# TASK DIRECTIONS:
Please quote exactly the opening lines of the data, from the first line to the one where "Shoe Industry Business" appears.

# EXTRACTED MATERIAL:
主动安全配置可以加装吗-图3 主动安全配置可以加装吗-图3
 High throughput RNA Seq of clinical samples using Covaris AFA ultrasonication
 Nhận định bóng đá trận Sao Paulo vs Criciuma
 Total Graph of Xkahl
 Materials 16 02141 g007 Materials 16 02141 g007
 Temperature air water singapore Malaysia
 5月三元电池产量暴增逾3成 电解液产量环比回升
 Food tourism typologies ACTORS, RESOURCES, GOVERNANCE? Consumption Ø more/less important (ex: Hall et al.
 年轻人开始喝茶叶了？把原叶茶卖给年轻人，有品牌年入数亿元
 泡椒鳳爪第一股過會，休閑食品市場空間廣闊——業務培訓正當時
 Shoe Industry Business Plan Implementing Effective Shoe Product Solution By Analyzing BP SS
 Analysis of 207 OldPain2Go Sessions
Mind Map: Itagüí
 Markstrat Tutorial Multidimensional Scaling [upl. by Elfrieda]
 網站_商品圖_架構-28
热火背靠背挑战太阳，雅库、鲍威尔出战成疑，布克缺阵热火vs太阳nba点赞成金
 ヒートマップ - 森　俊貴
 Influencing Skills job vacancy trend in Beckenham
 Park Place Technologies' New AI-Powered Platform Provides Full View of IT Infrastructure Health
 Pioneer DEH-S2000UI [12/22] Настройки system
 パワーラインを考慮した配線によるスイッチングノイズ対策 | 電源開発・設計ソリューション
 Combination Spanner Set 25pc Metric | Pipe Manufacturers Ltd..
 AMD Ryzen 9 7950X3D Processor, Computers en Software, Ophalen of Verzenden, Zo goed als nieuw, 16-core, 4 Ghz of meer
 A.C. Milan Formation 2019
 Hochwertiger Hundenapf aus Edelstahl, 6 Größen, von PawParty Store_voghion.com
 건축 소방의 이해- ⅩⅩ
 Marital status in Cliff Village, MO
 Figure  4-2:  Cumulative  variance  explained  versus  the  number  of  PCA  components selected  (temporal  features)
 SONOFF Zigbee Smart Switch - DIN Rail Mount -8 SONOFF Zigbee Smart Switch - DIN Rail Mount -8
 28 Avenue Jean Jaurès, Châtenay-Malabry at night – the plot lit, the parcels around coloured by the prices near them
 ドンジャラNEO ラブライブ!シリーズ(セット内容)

# RESULT OF THE TASK:
主动安全配置可以加装吗-图3 主动安全配置可以加装吗-图3
 High throughput RNA Seq of clinical samples using Covaris AFA ultrasonication
 Nhận định bóng đá trận Sao Paulo vs Criciuma
 Total Graph of Xkahl
 Materials 16 02141 g007 Materials 16 02141 g007
 Temperature air water singapore Malaysia
 5月三元电池产量暴增逾3成 电解液产量环比回升
 Food tourism typologies ACTORS, RESOURCES, GOVERNANCE? Consumption Ø more/less important (ex: Hall et al.
 年轻人开始喝茶叶了？把原叶茶卖给年轻人，有品牌年入数亿元
 泡椒鳳爪第一股過會，休閑食品市場空間廣闊——業務培訓正當時
 Shoe Industry Business Plan Implementing Effective Shoe Product Solution By Analyzing BP SS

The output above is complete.